David Archer, Head of Programme Development for ActionAid International, & member of the Boards of the Global Campaign for Education and of the Global Partnership for Education.
On 10th December Malala Yousafzai and Kailash Satyarthi will attend the ceremonies to receive the joint Nobel Peace Prize for 2014. Much has been made of the decision to choose an Indian and a Pakistani, a Muslim and a Hindu, an older man and a young girl – and these contrasts are powerful – but what unites them more than anything is their passionate campaigning for education. Indeed this prize is recognition for the crucial role of education in building and preserving peace – and of the need to defend the right to education at all times.
Ironically it is the young campaigner, Malala, who is more widely known, owing to her personal story: her extraordinary bravery in standing up to the Taliban and the power of her speeches, not least at the UN General Assembly on her 16th birthday.
Kailash is less well known and most of the media coverage has focused on his work on child labour in India, bravely freeing children from conditions of slavery and abuse. What is much less known is the work Kailash has done for education. In 1998 the movement started by Kailash, the Global March against Child Labour, concluded that achieving universal education was the key positive solution to the outrage of child labour. As Kailash himself has often said “the best place for children to work is in school”.
As a result of this, in 1999 Kailash co-founded the Global Campaign for Education (GCE) – together with ActionAid, Oxfam and Education International. ActionAid was already running the “Elimu” campaign which focused on democratising education decision making – supporting stronger citizen oversight locally and forming inclusive national education coalitions to review and influence progress on education. Meanwhile Oxfam had launched their “Education Now!” Campaign, putting a human face on their work on structural adjustment and debt by focusing on education financing and demanding a global action plan. At the same time Education International, the global federation of teachers unions, with 23 million members (at the time), launched a campaign called “Quality Public Education for All”, challenging the neo-liberal agenda and the creeping privatisation of education. The link with Kailash’s Global March Against Child Labour added a crucial dimension to the emerging Global Campaign for Education (GCE), with a strong focus on the most excluded children and a commitment to mobilisation.
The initial focus of the GCE was to get the international community to recognise the scale of the global crisis in education – with over 100 million children out of school at that time. GCE argued for and secured in 2000 some ambitious Education for All and Millennium Development Goals that would address this crisis. Kailash became the first President of the GCE and served in that role through to 2011, helping GCE to evolve into a truly global, southern-led movement with national education coalitions now formed in over 80 countries. These coalitions in each country bring NGOs and unions together to hold their own governments to account for delivering on education rights. This is an unprecedented and exemplary movement, mobilising millions of people, with its headquarters in South Africa. There have been many dramatic successes, for example with campaigns to end user fees leading to huge surges in enrolment so that today there are 50 million more children in school than there were 15 years ago.
Kailash has been at the heart of this movement and remains on the international board of GCE. He played a key role in the development of Education Fast Track Initiative and its evolution into the $3 billion Global Partnership for Education. At all times he has emphasised the need to keep up our efforts to reach the hardest to reach: the most excluded children, those working in appalling conditions as child labourers, the children with disabilities and those affected by conflict.

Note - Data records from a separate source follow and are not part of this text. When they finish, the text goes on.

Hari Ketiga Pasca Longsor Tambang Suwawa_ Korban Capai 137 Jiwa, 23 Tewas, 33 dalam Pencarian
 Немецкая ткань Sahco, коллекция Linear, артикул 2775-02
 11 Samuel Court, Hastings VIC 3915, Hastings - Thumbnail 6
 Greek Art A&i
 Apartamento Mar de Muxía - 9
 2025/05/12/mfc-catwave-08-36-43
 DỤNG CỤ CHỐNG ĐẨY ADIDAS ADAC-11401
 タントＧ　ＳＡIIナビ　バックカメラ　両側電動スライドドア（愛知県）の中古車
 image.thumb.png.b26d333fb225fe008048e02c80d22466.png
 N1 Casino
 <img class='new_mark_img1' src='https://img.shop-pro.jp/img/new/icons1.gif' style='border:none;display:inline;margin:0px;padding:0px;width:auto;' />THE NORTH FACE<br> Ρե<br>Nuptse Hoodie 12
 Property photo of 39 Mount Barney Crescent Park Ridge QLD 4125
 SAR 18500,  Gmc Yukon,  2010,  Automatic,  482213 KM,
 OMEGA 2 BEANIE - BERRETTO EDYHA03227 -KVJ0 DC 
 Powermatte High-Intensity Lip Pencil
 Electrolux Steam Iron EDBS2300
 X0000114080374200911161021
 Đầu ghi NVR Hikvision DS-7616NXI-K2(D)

Kailash was one of the first people to celebrate Malala’s emergence as a formidable campaigner for girls’ education. She has put the issues on the global agenda more effectively than anyone, capturing the imagination of the world’s media and of the general public. Indeed, Malala has reached people at an emotional level that has helped to transform the case for education, making it one of the defining struggles of our times.
The Nobel Prize comes at a key moment for education campaigners as we come up to the deadline for the education goals which were set back in 2000 for achievement in 2015. It is now clear that these goals will not be met as 57 million children are still not in school and the quality of education for many others is shockingly poor. The key challenge is for governments and donors to learn from what worked and what did not – and then to place education at the heart of the post-2015 sustainable development goals. As the Nobel Peace Prize makes clear, education is not just a good in itself – it is absolutely central to the achievement of wider goals of peace, development and justice.